The Securities and Exchange Commission (SEC) has recently revised its fine against blockchain-based content-sharing platform LBRY from a massive $22 million penalty to a significantly reduced fee of $111,614. This change came after considering the marketplace’s financial struggles and its “near-defunct” status, which made it difficult for the company to afford such a high fine. Additionally, the SEC withdrew its request for disgorgement or forfeiture of ill-gotten gains in light of LBRY’s financial situation.
In March 2021, the SEC filed a lawsuit against LBRY, accusing the company of offering LBRY Credit tokens (LBC) without registering them as securities. LBRY’s CEO, Jeremy Kauffman, expressed his concerns that this decision has the potential to endanger the entire US crypto industry as it establishes a precedent that might classify “almost every cryptocurrency” as security.
Although LBRY didn’t conduct an initial coin offering (ICO) or a similar public token sale, the SEC alleged that the team retained tokens for themselves through a “pre-mine” process and subsequently released them on secondary exchanges to generate funds for their operations.
A federal judge recognized that the tokens incentivized LBRY’s team to develop the network in November 2022, which created the perception among investors that investing in LBC on secondary markets would yield profits. As a result, the SEC achieved victory in their case through a summary judgment. LBRY then retaliated in December 2022, stating that the requested $22 million disgorgement wasn’t a reasonable approximation of profits causally connected to the violation.
Now, the SEC is seeking an injunction to prevent LBRY from violating Section 5 of the Securities Act of 1933, which prohibits unregistered offerings of crypto securities. The injunction will remain in effect until LBRY meets two requirements: disposing of its LBC holdings and dissolving the company, as the company has expressed its intent to do in court.
According to the SEC, there is a reasonable likelihood that LBRY will violate Section 5 again, justifying the necessity for injunctive relief. However, LBRY contends that an injunction is unnecessary as the company is already in the process of shutting down operations and burning existing LBC tokens.

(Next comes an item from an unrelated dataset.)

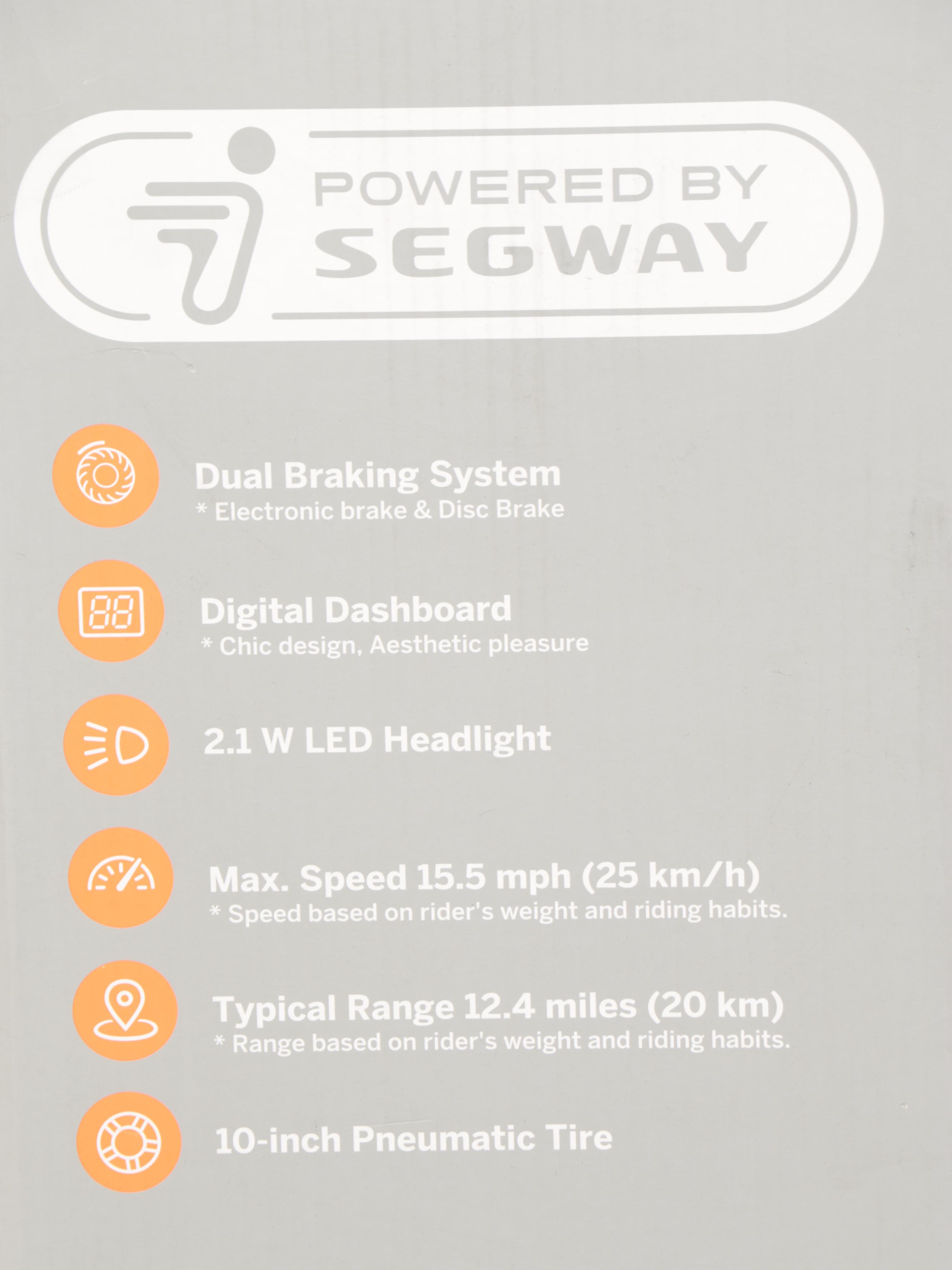 Segway Ninebot KickScooter F25 in Gray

Although there are clear hurdles on the path to achieving a regulated future for cryptocurrencies, it is essential to continuously examine and adapt the approaches taken in cases such as LBRY to ensure regulations are fair and efficient. As the crypto industry and blockchain technology evolve, a balance must be struck between investor protection and innovation while respecting the interests of both regulators and industry players.